One downside of the mean however, is that it is highly sensitive to extreme observations. Such extreme observations are commonly known as “outliers”. In the presence of outliers, inferences based on a comparison of means can be unreliable and potentially lead to incorrect business decisions.

We’ve learnt from our experience at AIPS that these concerns aren’t trivial either, since outliers are common in high-traffic systems such as ours. As such, robust approaches for dealing with outliers are necessary for reliable A/B experimentation.

In this post we describe an approach that we use to assess the effects of outliers on our results. It is based on visualising the quantile function — to detect outliers — combined with sensitivity analysis to assess how the results change in the presence or absence of outliers.
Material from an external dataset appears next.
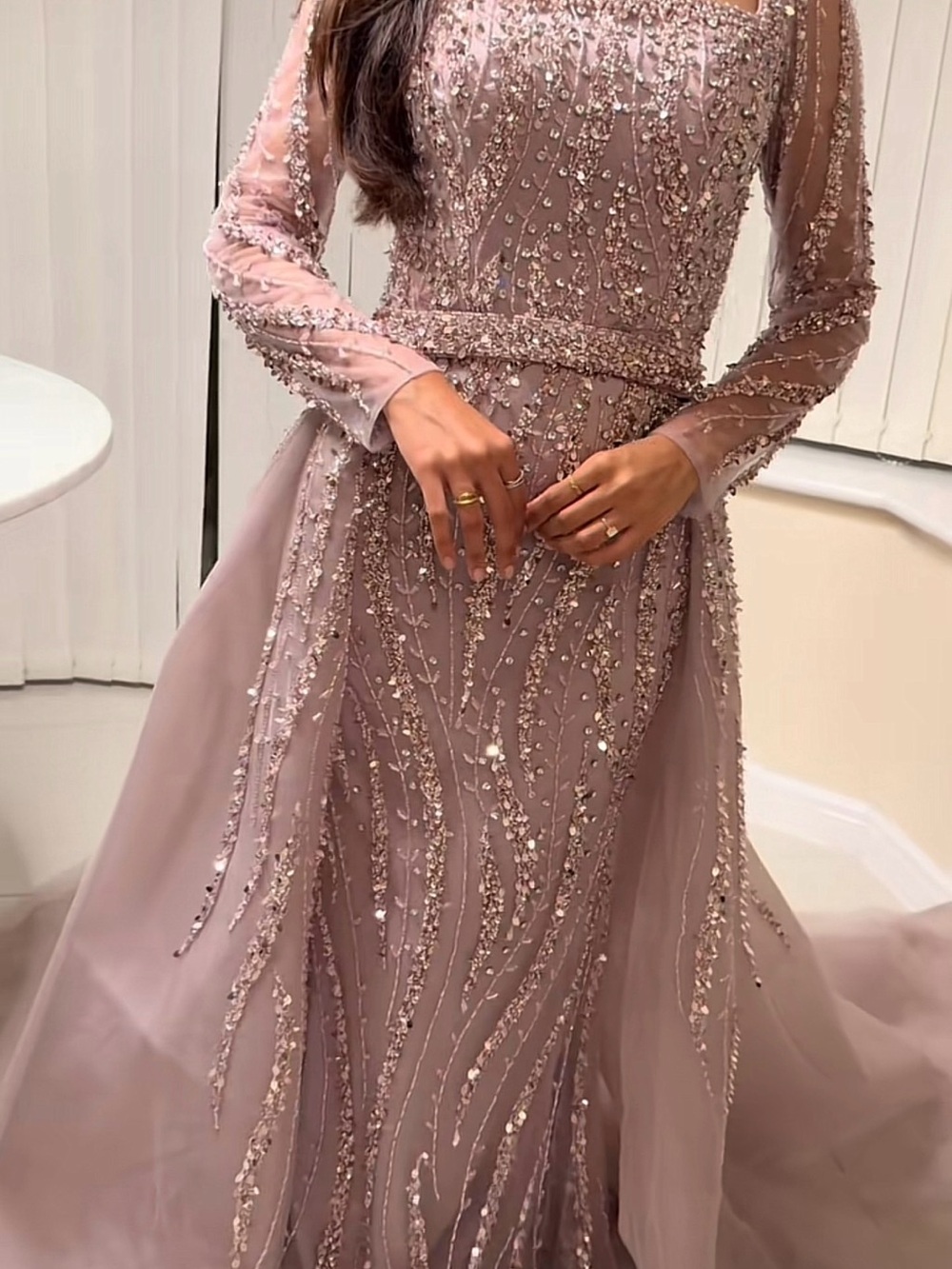 Embellished Long Sleeve Evening Gown - Dusty Rose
While this approach involves a bit more work than a simple analysis that ignores the influence of outliers, we have found that it provides a richer understanding of the results and ultimately affords better decision making.

TL;DR

Online A/B experiments are often analysed using a comparison of group means
Comparing means between groups can be misleading in the presence of extreme observations, known as “outliers”
Visualising the quantile function in each group (and its difference) can help assess the potential impact of outliers
Progressively re-analysing the data with more outliers removed — and plotting the results — can help assess the sensitivity of the findings.

The sample mean can be misleading in the presence of outliers

As we mentioned above, the mean is highly sensitive to outliers. While this fact is well known, we feel that it may be under appreciated within the context of online A/B experiments.

Consider the following two data sets:

A = [1,2,3,4,5,6,7,8,9,1000]

B = [10,11,12,13,14,15,16,17,18,19]

From this data we note that:

Any data point in B is greater than all but one of the data points in A
The median for B (14.5) is 2.6x larger than that of A (5.5)
Yet the mean of B (also 14.5) is 6.7x smaller than the mean of A (104.5)!

In this example, the data point of 1000 in group A is an outlier — and has a large influence on the sample mean in group A. While this example may seem farfetched, we have come across such extreme scenarios in real experiments.

Causes of extreme outliers in online experiments

In the world of online experimentation, two main causes of such extreme outliers are “bots” and “bugs”.

Bots are non-human visitors to a website and can lead to a very large number of requests or actions being recorded.

Bugs are programming errors that creep into production code and can, in some cases, produce anomalies in visitor behaviour that result in outliers.

We will return to the issue of outliers and their cause at the end of the post. Whatever these causes may be, outliers seem to be the rule rather than the exception in complex, high-traffic online systems. So, robust procedures for dealing with outliers are necessary for reliable A/B experimentation.

Relying on a single outlier removal strategy is not enough

The simplest way to avoid the effects of outliers is to identify and remove them from the dataset prior to the analysis.

At AIPS, we have a library of various outlier removal strategies, each suited to a different situation. Examples of these strategies include removing values above a given threshold, or removing the uppermost percentile(s) of a distribution. Many other methods are available, and we discuss a few at the end of the post.

While these strategies are effective, there is no guarantee that they will lead to reliable conclusions for a given experiment.

As our example above demonstrated, just a handful of outliers can compromise the inferences drawn from an experiment, so it can be risky to trust the results from an analysis where a single outlier removal strategy has been used.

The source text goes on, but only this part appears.